◆ **To do**
Leaving out the pictures, retype the lines from the top of the listing through the line with "White Sox-Brewers game." exactly.

◆ **Extracted data**
------------------------------------------------------------
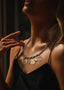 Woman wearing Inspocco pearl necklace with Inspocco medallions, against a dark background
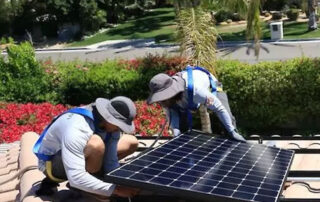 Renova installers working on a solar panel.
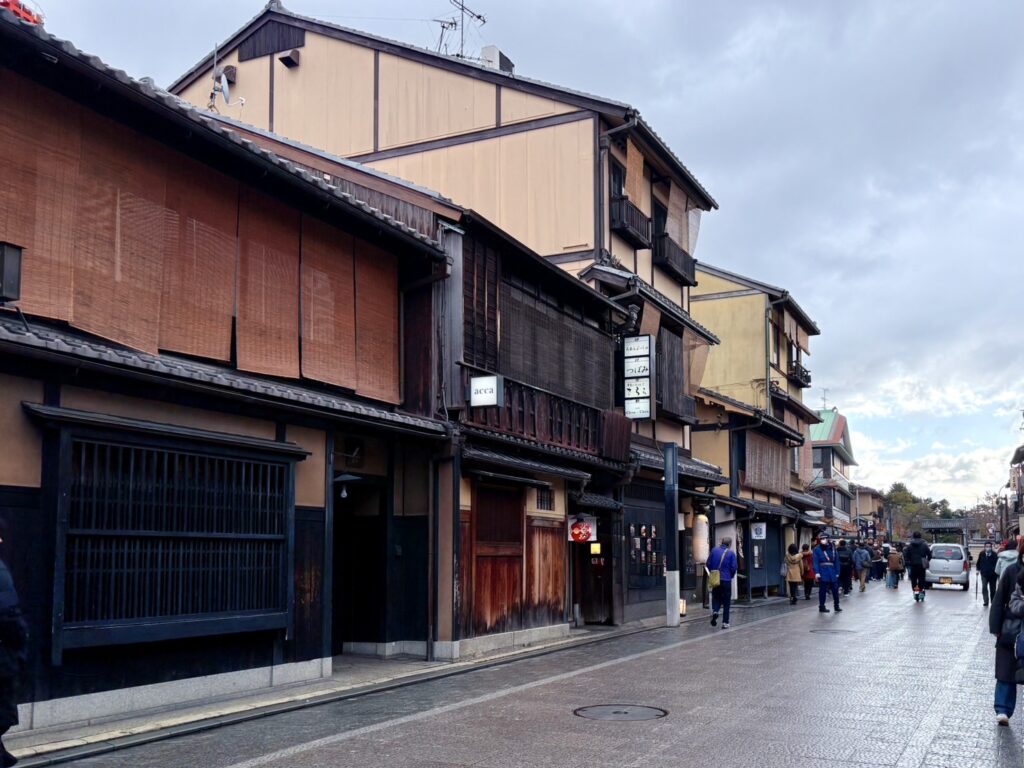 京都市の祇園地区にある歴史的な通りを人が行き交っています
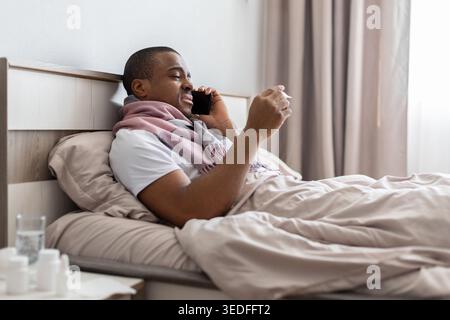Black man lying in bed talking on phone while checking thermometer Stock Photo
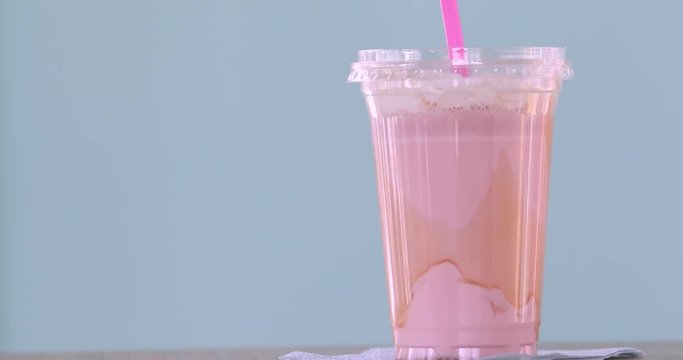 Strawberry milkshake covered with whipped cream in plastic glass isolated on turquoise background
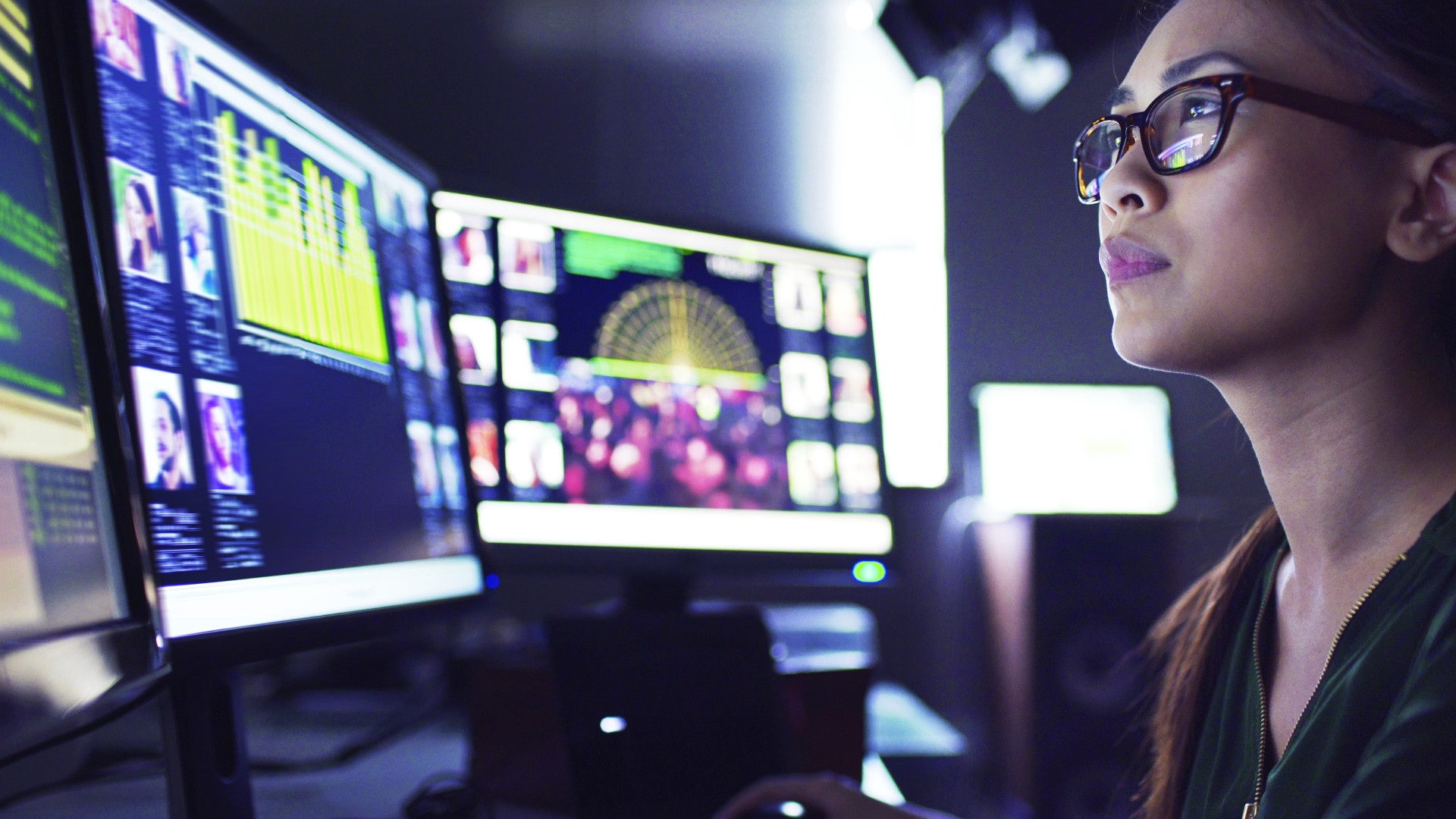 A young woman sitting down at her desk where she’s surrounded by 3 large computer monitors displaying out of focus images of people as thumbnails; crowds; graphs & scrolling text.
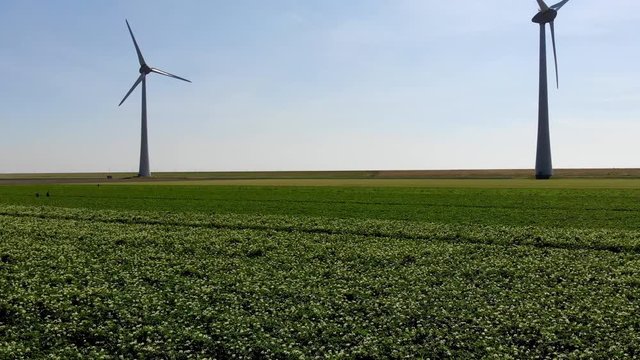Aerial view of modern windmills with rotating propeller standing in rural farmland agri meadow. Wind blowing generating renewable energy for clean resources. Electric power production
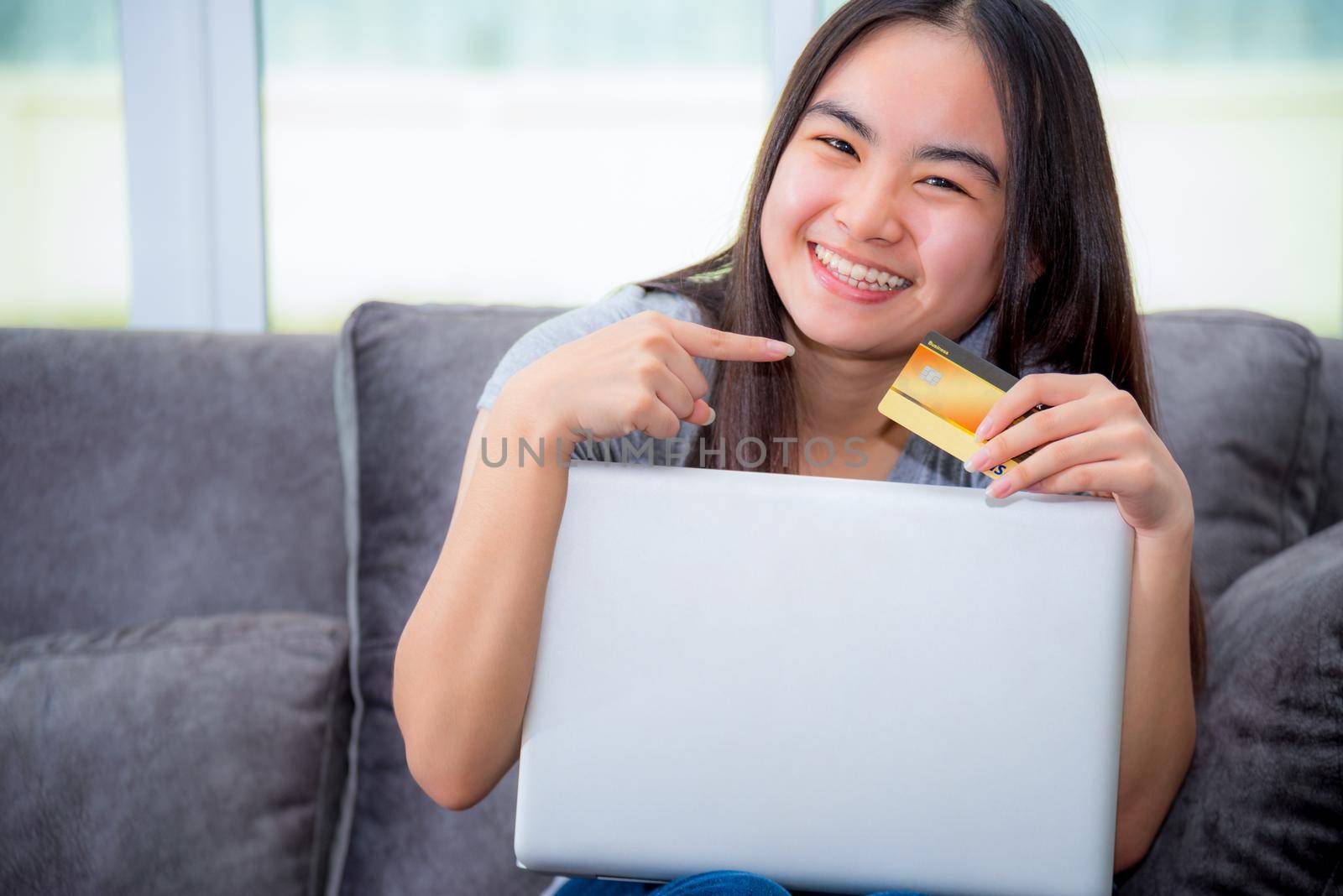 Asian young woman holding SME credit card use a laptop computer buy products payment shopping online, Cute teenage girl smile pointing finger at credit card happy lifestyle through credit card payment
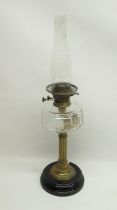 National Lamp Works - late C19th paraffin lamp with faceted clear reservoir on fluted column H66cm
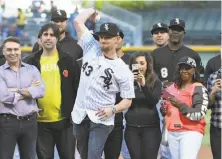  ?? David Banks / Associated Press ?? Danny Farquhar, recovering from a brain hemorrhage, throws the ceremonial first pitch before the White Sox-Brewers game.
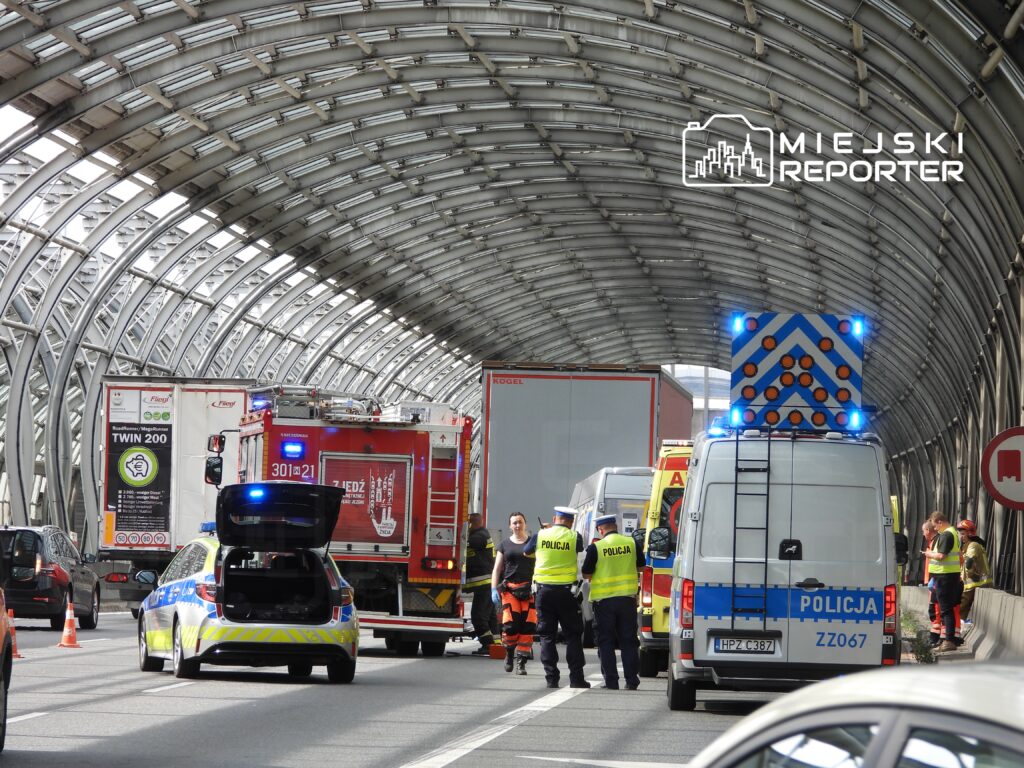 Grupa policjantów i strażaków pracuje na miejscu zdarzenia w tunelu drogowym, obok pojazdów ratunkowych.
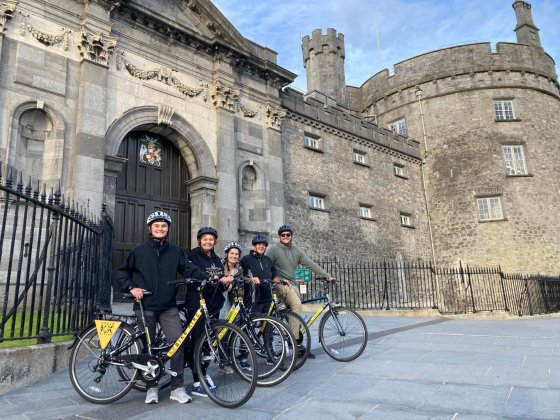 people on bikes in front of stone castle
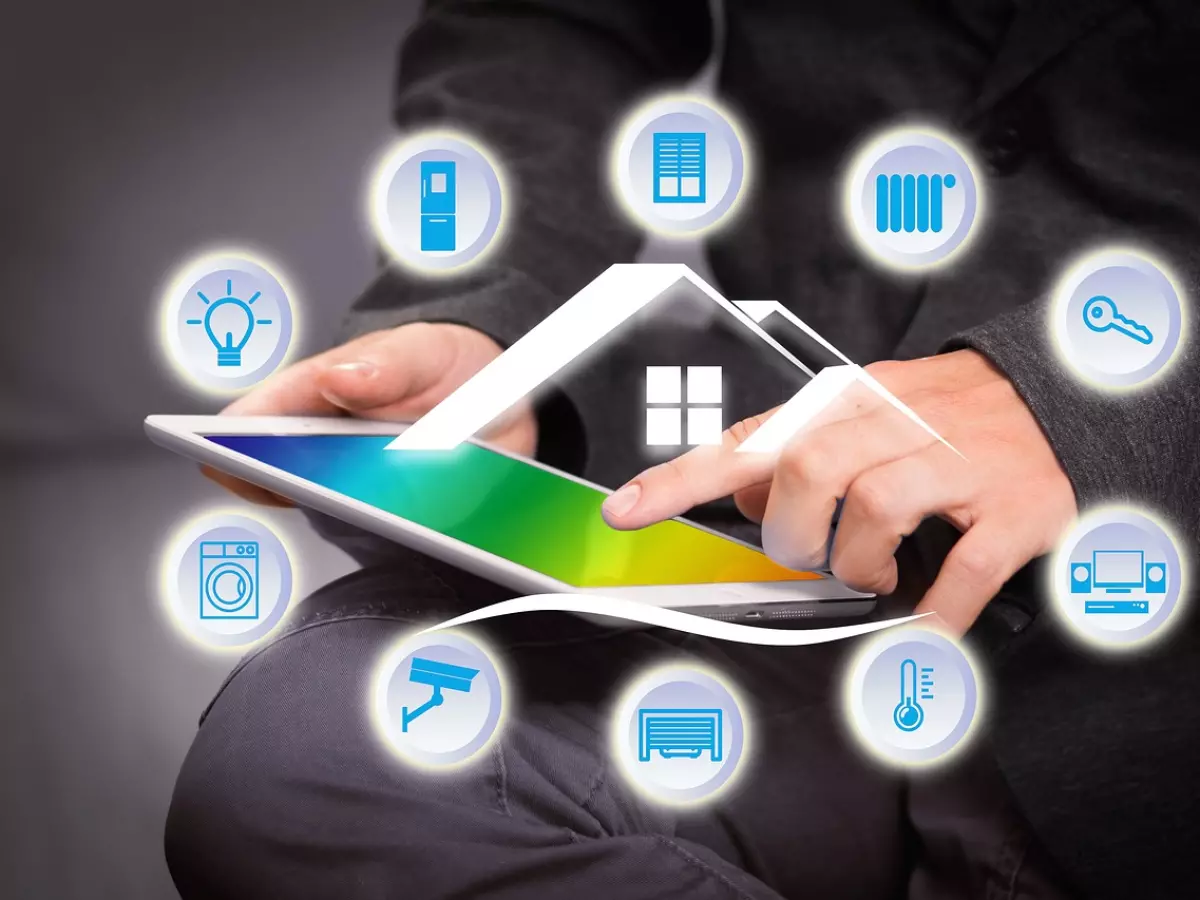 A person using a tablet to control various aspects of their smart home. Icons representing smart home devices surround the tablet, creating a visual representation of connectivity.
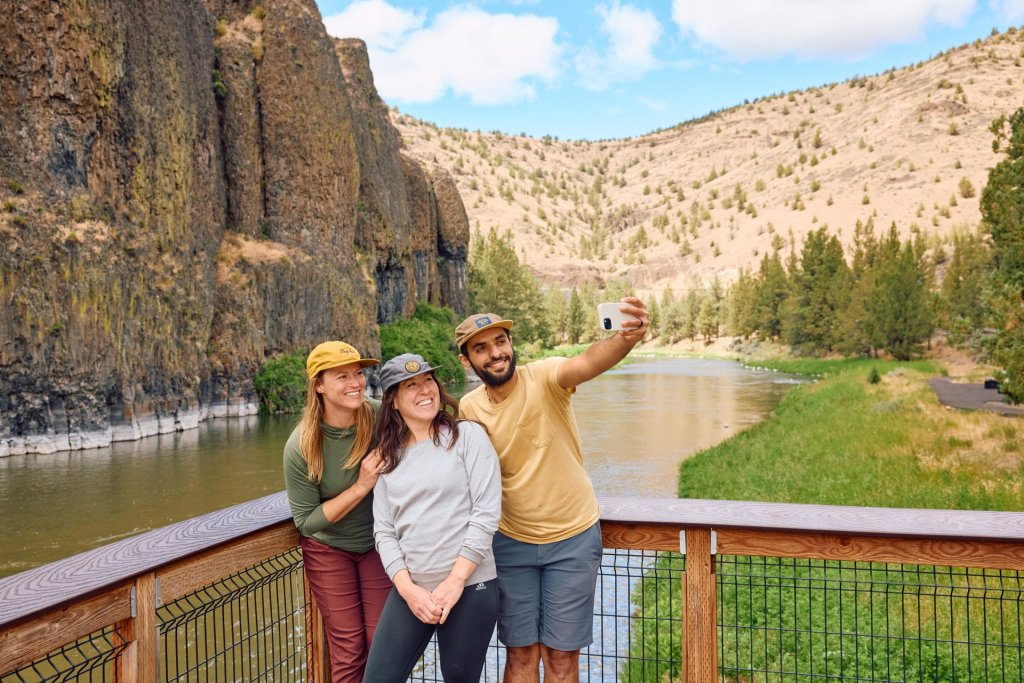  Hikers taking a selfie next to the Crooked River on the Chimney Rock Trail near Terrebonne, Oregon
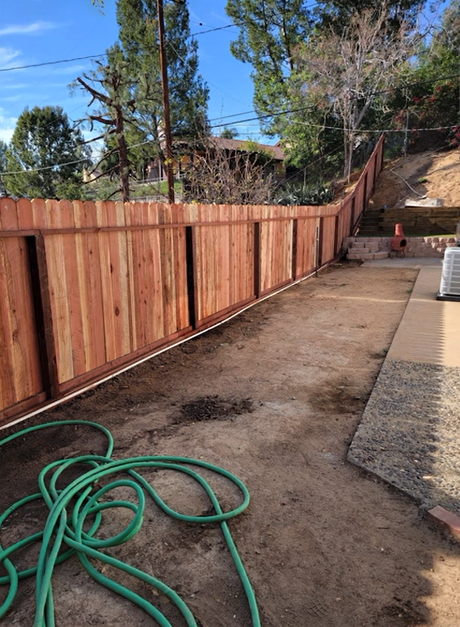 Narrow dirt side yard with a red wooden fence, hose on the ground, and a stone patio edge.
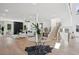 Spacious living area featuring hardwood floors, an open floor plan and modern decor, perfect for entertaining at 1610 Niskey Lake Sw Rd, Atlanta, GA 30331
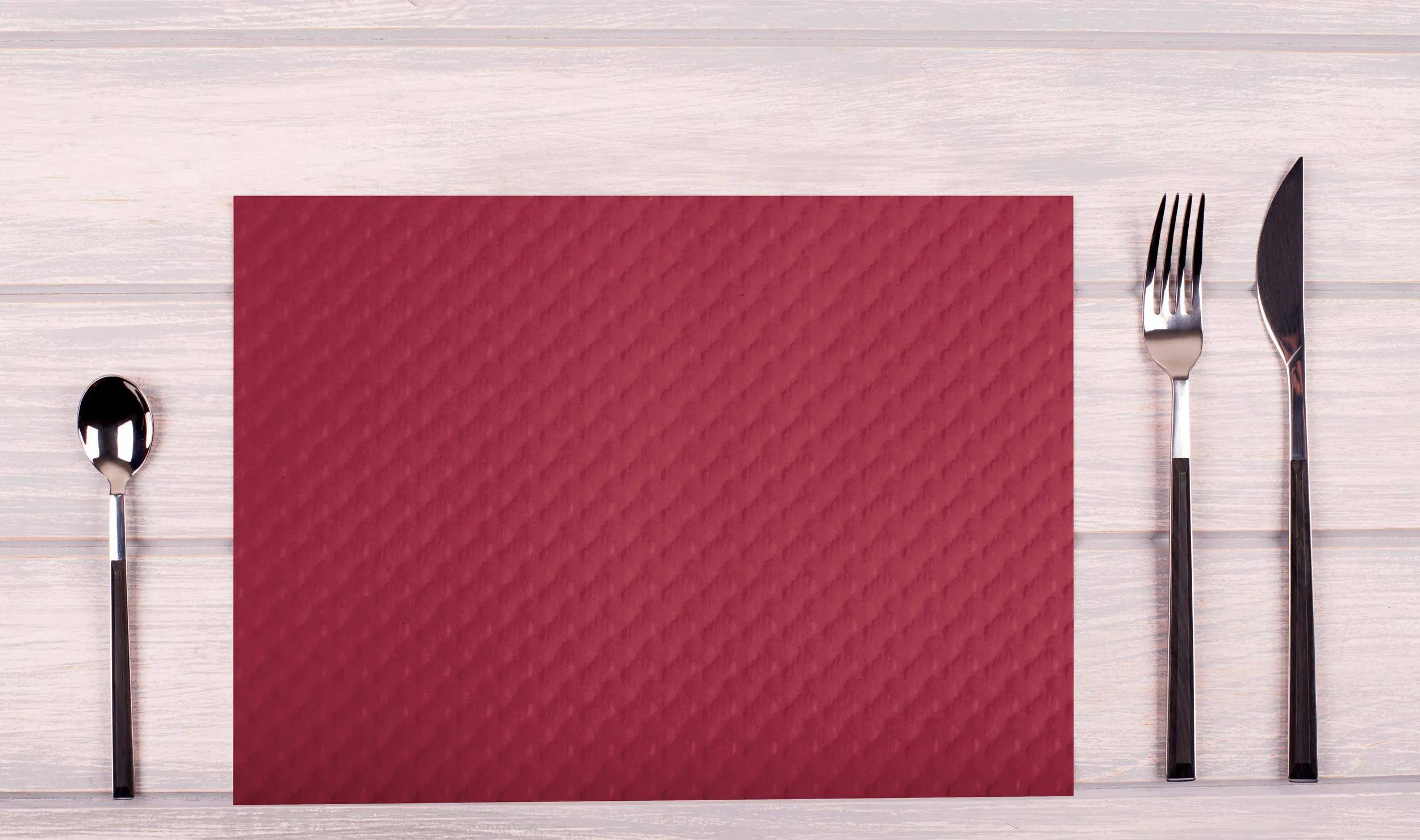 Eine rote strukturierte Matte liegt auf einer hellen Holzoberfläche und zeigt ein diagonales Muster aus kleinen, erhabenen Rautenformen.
------------------------------------------------------------
◆ **Response area**
 Woman wearing Inspocco pearl necklace with Inspocco medallions, against a dark background
 Renova installers working on a solar panel.
 京都市の祇園地区にある歴史的な通りを人が行き交っています
Black man lying in bed talking on phone while checking thermometer Stock Photo
 Strawberry milkshake covered with whipped cream in plastic glass isolated on turquoise background
 A young woman sitting down at her desk where she’s surrounded by 3 large computer monitors displaying out of focus images of people as thumbnails; crowds; graphs & scrolling text.
Aerial view of modern windmills with rotating propeller standing in rural farmland agri meadow. Wind blowing generating renewable energy for clean resources. Electric power production
 Asian young woman holding SME credit card use a laptop computer buy products payment shopping online, Cute teenage girl smile pointing finger at credit card happy lifestyle through credit card payment
 National Lamp Works - late C19th paraffin lamp with faceted clear reservoir on fluted column H66cm
  ?? David Banks / Associated Press ?? Danny Farquhar, recovering from a brain hemorrhage, throws the ceremonial first pitch before the White Sox-Brewers game.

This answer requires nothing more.